◆ GIVEN DATA ◆
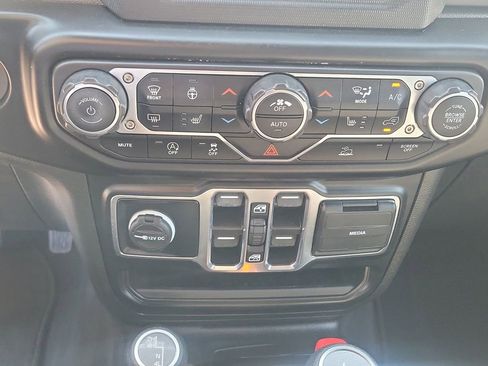 Used 2022 Jeep Wrangler Unlimited Sport AWD/4WD image 11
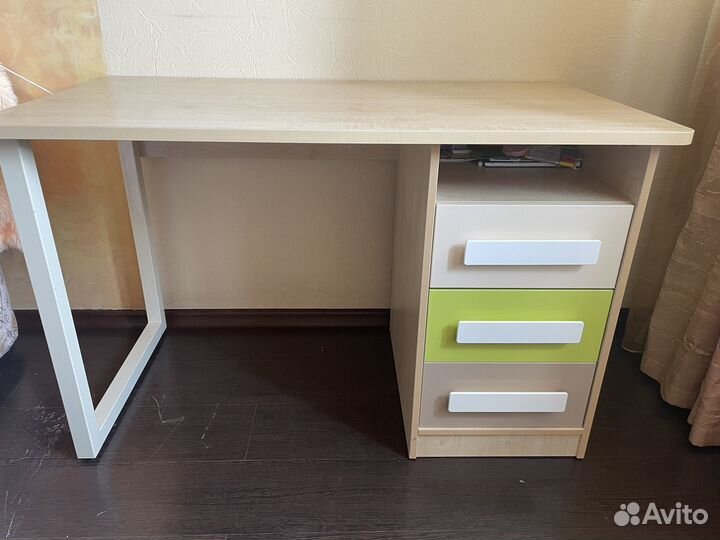 Письменный стол и растущий стул 38 попугаев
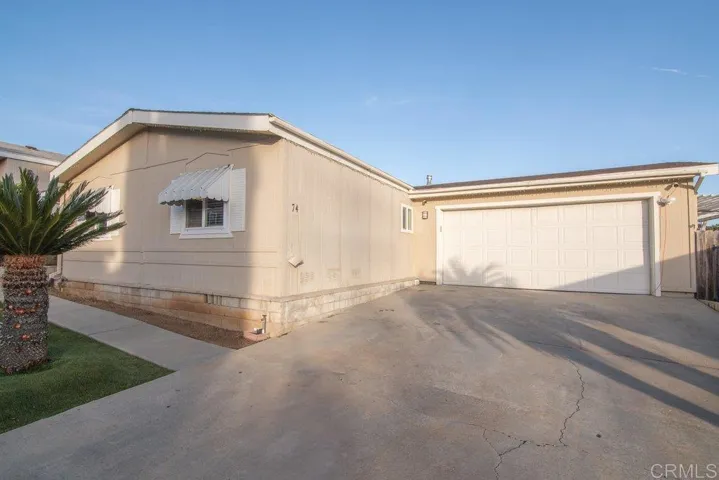 1638 Calavo Road 74, Fallbrook, California 92028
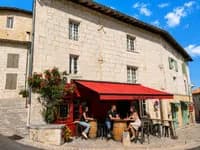 Immeuble de caractère avec local commercial et deux appartements au coeur d'Aubeterre-sur-Dronne - Photo 1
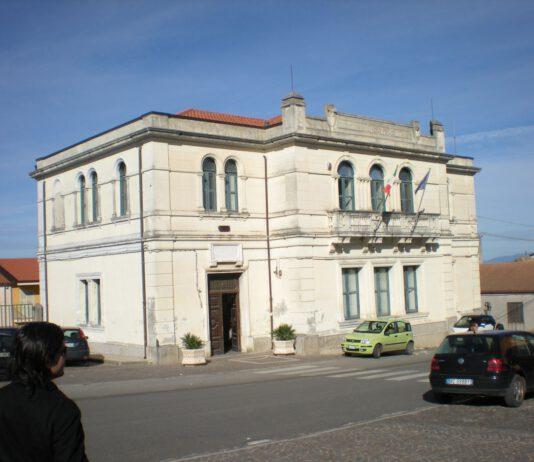 Distrutta targa “Qui la ‘ndrangheta non entra” collocata ingresso comune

◆ THE PROBLEM ◆
Word for word, print all of the data; skip the pictures.

◆ WRITTEN RESPONSE ◆
 Used 2022 Jeep Wrangler Unlimited Sport AWD/4WD image 11
 Письменный стол и растущий стул 38 попугаев
 1638 Calavo Road 74, Fallbrook, California 92028
 Immeuble de caractère avec local commercial et deux appartements au coeur d'Aubeterre-sur-Dronne - Photo 1
 Distrutta targa “Qui la ‘ndrangheta non entra” collocata ingresso comune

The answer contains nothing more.